Food, water and housing are fundamental requirements for daily living. Sadly, it has been estimated that around 600 million people globally are exposed to serious health risk due to poor housing, with children being particularly vulnerable. Adequate housing with access to water supply, sanitation and ventilation has long been considered essential for a person’s well-being and most countries in the world have devoted substantial resources to improve these forsaken urban-areas. Nonetheless, little work has been done to assess the causal relationship between housing, and housing improvement programs, and health and welfare. In 2000, the Mexican state of Coahuila, launched a program to replace dirt floors with cement ones. The program was called Piso Firme (PFP), and it provided more than 34,000 homes with cement flooring by 2005. The success in Coahuila, eventually led to other states adopting the program as well.

In their study, Cattaneo et. al set out to assess how the Mexican program to replace dirt floors with cement floors impacted children health and their mothers’ mental health and happiness. To that end, the team used the results from Coahuila and its neighboring state, Durango, which implemented the project only later and acted as a control region. To further enhance the comparability between treatment and control groups, the study was restricted to 3 municipalities located along the states border: Torreón in the state of Coahuila (treatment) and Gómez Palacio and Lerdo in the state of Durango (control). All regions had similar socio-economical characteristics, as shown on the figures below.
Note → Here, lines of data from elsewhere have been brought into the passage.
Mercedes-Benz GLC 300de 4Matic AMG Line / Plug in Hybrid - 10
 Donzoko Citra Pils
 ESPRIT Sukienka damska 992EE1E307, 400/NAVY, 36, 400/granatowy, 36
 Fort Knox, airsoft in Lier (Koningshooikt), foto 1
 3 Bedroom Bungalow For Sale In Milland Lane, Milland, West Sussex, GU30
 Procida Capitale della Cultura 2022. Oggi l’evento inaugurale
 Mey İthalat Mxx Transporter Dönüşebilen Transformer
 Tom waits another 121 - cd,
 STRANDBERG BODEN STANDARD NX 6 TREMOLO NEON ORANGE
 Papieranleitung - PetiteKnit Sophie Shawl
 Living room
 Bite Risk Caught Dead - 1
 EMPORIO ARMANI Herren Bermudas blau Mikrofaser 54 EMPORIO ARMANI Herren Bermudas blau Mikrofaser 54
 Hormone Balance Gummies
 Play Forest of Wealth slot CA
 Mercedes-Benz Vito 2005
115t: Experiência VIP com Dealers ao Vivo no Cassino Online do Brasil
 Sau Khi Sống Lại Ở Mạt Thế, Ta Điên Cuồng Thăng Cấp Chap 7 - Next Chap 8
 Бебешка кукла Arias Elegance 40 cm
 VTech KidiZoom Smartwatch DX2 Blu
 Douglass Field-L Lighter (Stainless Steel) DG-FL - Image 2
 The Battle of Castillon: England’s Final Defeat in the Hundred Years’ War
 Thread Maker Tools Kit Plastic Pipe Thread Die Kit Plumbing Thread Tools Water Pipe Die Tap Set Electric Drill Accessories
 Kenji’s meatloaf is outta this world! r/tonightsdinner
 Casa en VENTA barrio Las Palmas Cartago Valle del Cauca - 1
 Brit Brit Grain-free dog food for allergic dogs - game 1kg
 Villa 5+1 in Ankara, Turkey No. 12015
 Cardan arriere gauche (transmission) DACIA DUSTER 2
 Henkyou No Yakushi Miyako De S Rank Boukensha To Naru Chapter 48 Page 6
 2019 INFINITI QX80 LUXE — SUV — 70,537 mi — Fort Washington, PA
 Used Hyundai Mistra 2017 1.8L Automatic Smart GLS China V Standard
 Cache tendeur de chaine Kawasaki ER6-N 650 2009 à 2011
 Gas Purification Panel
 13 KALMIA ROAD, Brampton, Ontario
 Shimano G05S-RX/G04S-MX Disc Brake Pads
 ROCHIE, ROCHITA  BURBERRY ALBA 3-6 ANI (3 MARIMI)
Actually, there is one small difference above between the proportions observed in each census in both states ! Can you spot it? (Hint: try to zoom in on the second comparison)

Before assessing the causal relationship between flooring quality and health and welfare, we have to make sure that PFP succeeded in providing adequate cement flooring. Prior to the beginning of the project in Coahuila, all three municipalities of interest had the same percentage share of rooms with cement floors in households. After the project, although all three regions of interest experienced an increase in cement flooring, Torreón showed a significantly higher increase in the share of rooms with cement floors per households.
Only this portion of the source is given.